WHAT THE EXERCISE ASKS.
Give the data below again exactly, and drop each picture from it.

DATA SECTION.
|---|

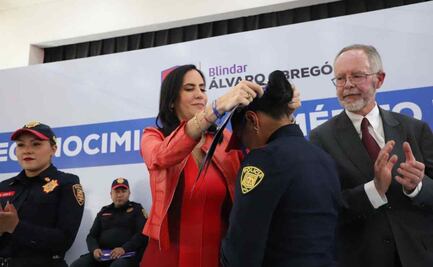 Lía limón entrega reconocimientos al Mérito Policial 2023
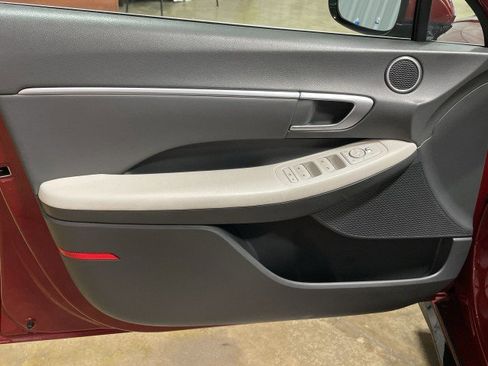 Used 2024 Hyundai Sonata SEL image 12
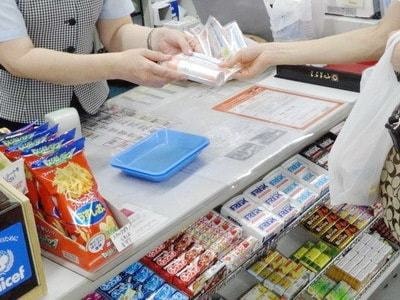 航空会社の生協店舗における化粧品試供品セットのサンプリング事例1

|---|

ANSWER TO THIS TASK.
 Lía limón entrega reconocimientos al Mérito Policial 2023
 Used 2024 Hyundai Sonata SEL image 12
 航空会社の生協店舗における化粧品試供品セットのサンプリング事例1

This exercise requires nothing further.